Uma série na berlinda
Cineastas e historiadora questionam a linha adotada pelo diretor José Padilha na série O mecanismo. Produção é um embate entre realidade e ficção
Cecília Emiliana
DO ESTADO DE MINAS
Publicação: 02/04/2018 09:00
“Sabe um cancro? Se a gente não matar isso agora, pela raiz, essa porra vai espalhar”, adverte Marco Ruffo, agente da “Polícia Federativa” vivido por Selton Mello na série O mecanismo, dirigida por José Padilha e inspirada na Operação Lava-Jato. Produção original da Netflix, a atração estreou no dia 23 em meio a um “tiroteio” de polêmicas. As “balas” vêm de quase todo lados: de artistas a políticos, passando por militantes de esquerda, que acusam o cineasta de “crimes” variados, como abuso de licença poética e “assassinato de reputação”.
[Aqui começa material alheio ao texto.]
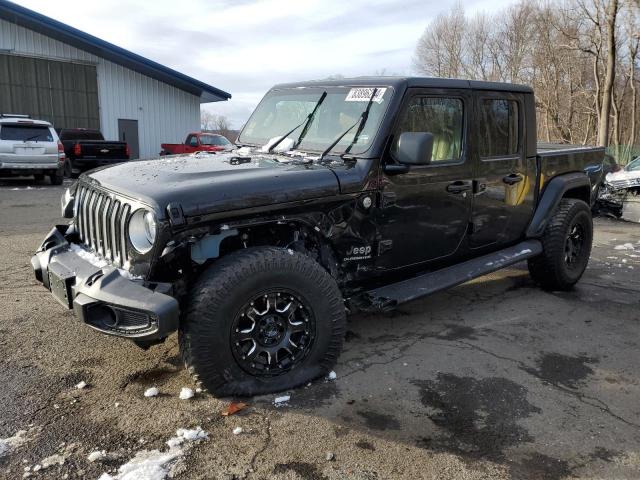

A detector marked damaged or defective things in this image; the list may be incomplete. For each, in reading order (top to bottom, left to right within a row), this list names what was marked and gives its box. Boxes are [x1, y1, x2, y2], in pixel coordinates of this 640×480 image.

damaged front bumper [31, 226, 179, 342]
wrecked vehicle [32, 78, 604, 394]
wrecked vehicle [596, 158, 640, 224]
Grande parte da celeuma se deve à cena em que a frase “estancar a sangria” sai da boca de João Higino, personagem inspirado no ex-presidente Lula. Na vida real, a afirmação foi feita pelo senador Romero Jucá (MDB-RR). Um dos principais articuladores do impeachment, o político pernambucano radicado em Roraima se referia à necessidade de pôr um freio às ações da Lava-Jato.
Lançada neste ano eleitoral, em meio à intensa polarização política e guerra nas redes sociais, a produção despertou a ira da ex-presidente Dilma Rousseff. Ela acusou: “A série O mecanismo é mentirosa e dissimulada. O diretor inventa fatos. Não reproduz ‘fake news’. Ele próprio tornou-se um criador de notícias falsas.”
Lula afirmou que pretende processar a Netflix. Ele teria proferido a ameaça em passagem por Curitiba. “Nós vamos processar a Netflix, nós não temos que aceitar isso. Eu não vou aceitar (...) Eles produziram uma peça que é mais uma mentira”, acusou.
Sobrou para a Netflix, alvo de uma campanha de boicote a seus serviços. “A alternativa ao boicote seria o silêncio e essa não é uma opção pra mim”, diz o crítico de cinema Pablo Villaça, um dos líderes do embate com a empresa de streaming. “O problema, do meu ponto de vista, não é que um cineasta seja de direita nem as crenças políticas do Padilha. Ele tem todo o direito de se posicionar como quiser, é legítimo. Mas a estratégia narrativa desta série chega a ser mau caráter. Os fatos históricos ali foram muito deturpados. Colocar a frase do Jucá na boca do Lula é de uma má fé incrível”, afirma o mineiro, que tem 230 mil seguidores no Twitter.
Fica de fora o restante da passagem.